╭─ Information

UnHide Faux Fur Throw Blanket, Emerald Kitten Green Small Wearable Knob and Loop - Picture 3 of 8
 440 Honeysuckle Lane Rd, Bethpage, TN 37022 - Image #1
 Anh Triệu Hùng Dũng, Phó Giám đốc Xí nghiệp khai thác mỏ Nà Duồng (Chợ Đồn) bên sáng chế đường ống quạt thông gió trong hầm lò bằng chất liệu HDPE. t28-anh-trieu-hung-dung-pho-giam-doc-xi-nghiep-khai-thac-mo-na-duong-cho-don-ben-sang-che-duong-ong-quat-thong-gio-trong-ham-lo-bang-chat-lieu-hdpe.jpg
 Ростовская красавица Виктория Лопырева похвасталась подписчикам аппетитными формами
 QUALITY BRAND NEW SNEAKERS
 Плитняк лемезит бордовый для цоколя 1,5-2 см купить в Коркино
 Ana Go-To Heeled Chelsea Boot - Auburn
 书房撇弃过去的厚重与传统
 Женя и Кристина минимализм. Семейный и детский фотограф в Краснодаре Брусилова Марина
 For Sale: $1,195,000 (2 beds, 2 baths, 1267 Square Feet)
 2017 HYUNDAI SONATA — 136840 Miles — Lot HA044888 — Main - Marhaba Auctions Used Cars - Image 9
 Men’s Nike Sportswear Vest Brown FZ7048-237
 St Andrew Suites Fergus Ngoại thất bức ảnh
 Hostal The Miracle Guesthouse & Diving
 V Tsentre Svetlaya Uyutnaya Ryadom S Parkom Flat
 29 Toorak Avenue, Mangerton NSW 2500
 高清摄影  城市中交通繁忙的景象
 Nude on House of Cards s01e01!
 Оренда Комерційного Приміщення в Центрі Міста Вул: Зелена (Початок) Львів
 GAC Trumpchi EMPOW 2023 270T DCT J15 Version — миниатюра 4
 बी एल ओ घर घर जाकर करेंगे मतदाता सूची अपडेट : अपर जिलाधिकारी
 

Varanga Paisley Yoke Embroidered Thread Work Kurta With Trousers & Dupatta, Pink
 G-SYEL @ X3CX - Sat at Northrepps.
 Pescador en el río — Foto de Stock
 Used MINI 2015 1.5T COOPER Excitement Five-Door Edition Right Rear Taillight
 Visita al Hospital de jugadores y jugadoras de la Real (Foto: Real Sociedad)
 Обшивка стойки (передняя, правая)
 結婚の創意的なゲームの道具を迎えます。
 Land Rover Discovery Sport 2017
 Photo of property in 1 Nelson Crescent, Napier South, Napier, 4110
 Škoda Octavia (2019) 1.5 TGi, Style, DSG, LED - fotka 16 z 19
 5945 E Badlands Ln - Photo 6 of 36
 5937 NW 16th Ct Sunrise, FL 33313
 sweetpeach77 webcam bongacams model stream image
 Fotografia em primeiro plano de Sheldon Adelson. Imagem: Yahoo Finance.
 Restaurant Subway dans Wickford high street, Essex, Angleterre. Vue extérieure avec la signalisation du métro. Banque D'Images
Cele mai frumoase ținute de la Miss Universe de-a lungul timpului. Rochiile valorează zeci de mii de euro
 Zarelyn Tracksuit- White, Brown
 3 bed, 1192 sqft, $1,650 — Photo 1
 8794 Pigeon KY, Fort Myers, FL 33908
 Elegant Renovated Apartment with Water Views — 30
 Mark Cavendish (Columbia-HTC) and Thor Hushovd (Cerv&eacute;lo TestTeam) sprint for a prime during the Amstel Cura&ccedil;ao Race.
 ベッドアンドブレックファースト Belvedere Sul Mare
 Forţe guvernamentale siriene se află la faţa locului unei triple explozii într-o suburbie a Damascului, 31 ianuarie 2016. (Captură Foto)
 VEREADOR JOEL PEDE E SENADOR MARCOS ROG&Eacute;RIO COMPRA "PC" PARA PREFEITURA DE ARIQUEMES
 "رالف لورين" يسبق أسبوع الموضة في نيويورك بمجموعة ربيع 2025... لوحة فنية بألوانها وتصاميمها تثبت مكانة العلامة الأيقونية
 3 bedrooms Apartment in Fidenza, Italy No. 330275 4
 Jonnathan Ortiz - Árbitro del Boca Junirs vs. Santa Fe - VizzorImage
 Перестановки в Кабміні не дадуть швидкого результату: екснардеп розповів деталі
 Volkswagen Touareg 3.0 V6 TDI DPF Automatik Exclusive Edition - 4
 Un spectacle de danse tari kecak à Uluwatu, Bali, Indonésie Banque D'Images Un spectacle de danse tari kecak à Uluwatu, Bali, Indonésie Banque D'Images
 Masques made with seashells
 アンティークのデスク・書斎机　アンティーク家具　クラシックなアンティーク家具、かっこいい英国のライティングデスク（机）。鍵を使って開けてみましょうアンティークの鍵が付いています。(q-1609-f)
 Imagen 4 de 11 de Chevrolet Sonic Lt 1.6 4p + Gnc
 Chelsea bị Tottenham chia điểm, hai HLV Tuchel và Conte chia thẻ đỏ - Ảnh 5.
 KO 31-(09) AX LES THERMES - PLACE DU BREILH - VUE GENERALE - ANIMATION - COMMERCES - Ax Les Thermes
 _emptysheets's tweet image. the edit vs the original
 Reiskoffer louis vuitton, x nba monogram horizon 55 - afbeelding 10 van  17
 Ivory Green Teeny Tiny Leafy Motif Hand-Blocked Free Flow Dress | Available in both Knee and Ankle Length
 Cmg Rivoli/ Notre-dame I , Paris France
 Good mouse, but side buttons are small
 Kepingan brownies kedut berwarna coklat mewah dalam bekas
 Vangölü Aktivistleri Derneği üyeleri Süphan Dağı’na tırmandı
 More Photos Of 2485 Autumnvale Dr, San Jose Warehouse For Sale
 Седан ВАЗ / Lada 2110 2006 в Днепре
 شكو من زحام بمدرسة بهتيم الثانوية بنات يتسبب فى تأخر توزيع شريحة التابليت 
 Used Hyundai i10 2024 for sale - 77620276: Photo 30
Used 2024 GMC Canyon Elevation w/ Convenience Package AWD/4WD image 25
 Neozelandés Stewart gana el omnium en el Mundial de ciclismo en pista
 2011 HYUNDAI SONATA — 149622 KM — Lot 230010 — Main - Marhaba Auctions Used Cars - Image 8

╰─

_What is being asked_. Please return all lines above in which the string "Apartment" is found.

_Expected output_.
 Elegant Renovated Apartment with Water Views — 30
 3 bedrooms Apartment in Fidenza, Italy No. 330275 4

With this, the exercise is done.